Kalau kamu pernah berpikir "kenapa anak-anakku tidak bisa akur 30 menit saja", kamu tidak sendiri. Rumah dengan dua anak adalah arena negosiasi 24 jam.
Tapi ada perbedaan besar antara rumah di mana pertengkaran berakhir dalam 5 menit dengan saling memaafkan, dan rumah di mana pertengkaran berlanjut menjadi dendam. Perbedaannya bukan jumlah anak — perbedaannya adalah adab yang ditanam.
Apa kata Islam tentang hubungan saudara
"Bertakwalah kepada Allah dan berlaku adillah di antara anak-anak kalian." — HR. Bukhari 2587, Muslim 1623
Hadith ini ditujukan kepada orang tua.

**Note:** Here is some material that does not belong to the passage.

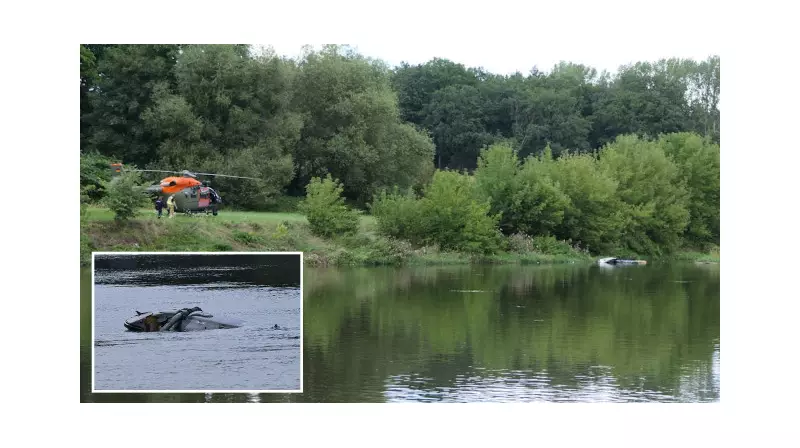 Almanya'da Eğitim Uçuşu Faciaya Dönüştü: Askerler Hayatını Kaybetti!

Akar pertengkaran saudara sering bukan di anak — tapi di sikap orang tua. Lihat Berlaku Adil di Antara Anak.
Empat adab yang harus dibiasakan
1. Memanggil dengan panggilan yang baik
"Adik" dan "Kakak" adalah pengingat hierarki kasih sayang Islam. Jangan biarkan anak memanggil saudara dengan panggilan ejekan, walau bercanda.

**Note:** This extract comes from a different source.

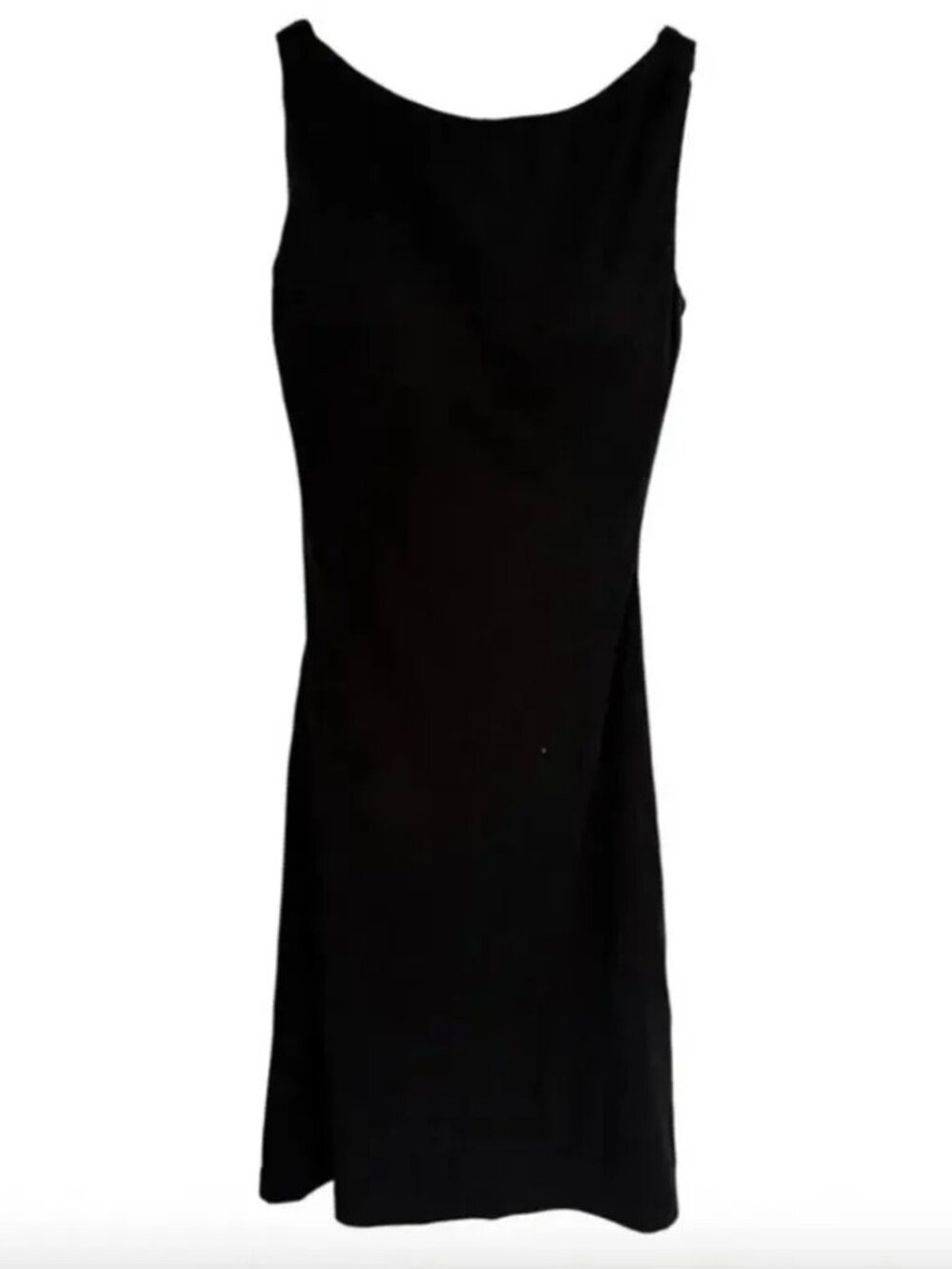 NWT OGL Eco-SkinKiss® Cooling Open Scoop Back Bandless Bra Mini Dress Black M - Picture 5 of 14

2. Memberi salam dan minta izin
Sebelum masuk kamar saudara: ketuk pintu, ucap salam, tunggu jawaban. Lihat Mengucap Salam.
3. Berbagi tanpa dipaksa
- Setiap anak punya satu laci yang isinya hanya miliknya. Saudara tidak boleh ambil tanpa izin.

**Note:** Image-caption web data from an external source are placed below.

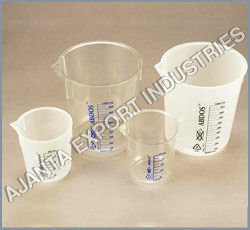Beakers Without Handle, PP & TPX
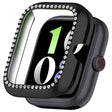 Godt Rhinsten Cover passer til vivo iQOO Watch GT / vivo Watch GT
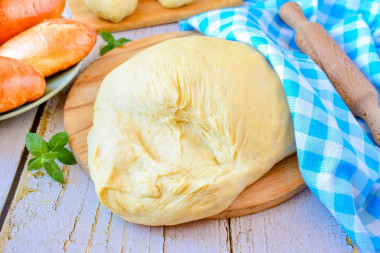 Klasyczne ciasto drożdżowe przepis ze zdjęciami krok po kroku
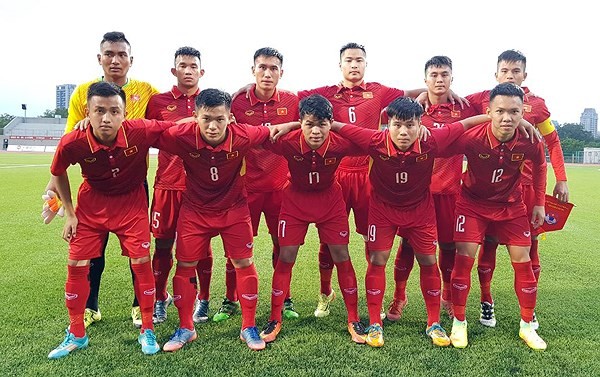 越南男足U19隊。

- Mainan komunal disimpan terpisah.
- Saat meminjam, ajarkan: "Boleh aku pinjam? Aku akan kembalikan."
4. Saling mendoakan
Ajarkan anak mendoakan saudaranya: saat sakit, saat ulang tahun, saat ujian. "Ya Allah, sembuhkan adek." Doa singkat dari kakak ke adek bisa menyembuhkan luka yang tidak terlihat.
Saat pertengkaran terjadi: 4 langkah
- Pisahkan dulu. Setiap anak ke ruang masing-masing 5 menit.
- Dengar bergantian. Yang lebih muda bicara dulu, yang lebih tua menyusul.
- Cari fakta, bukan menyalahkan. "Jadi tadi, kakak ambil mainan, lalu adek dorong. Begitu?"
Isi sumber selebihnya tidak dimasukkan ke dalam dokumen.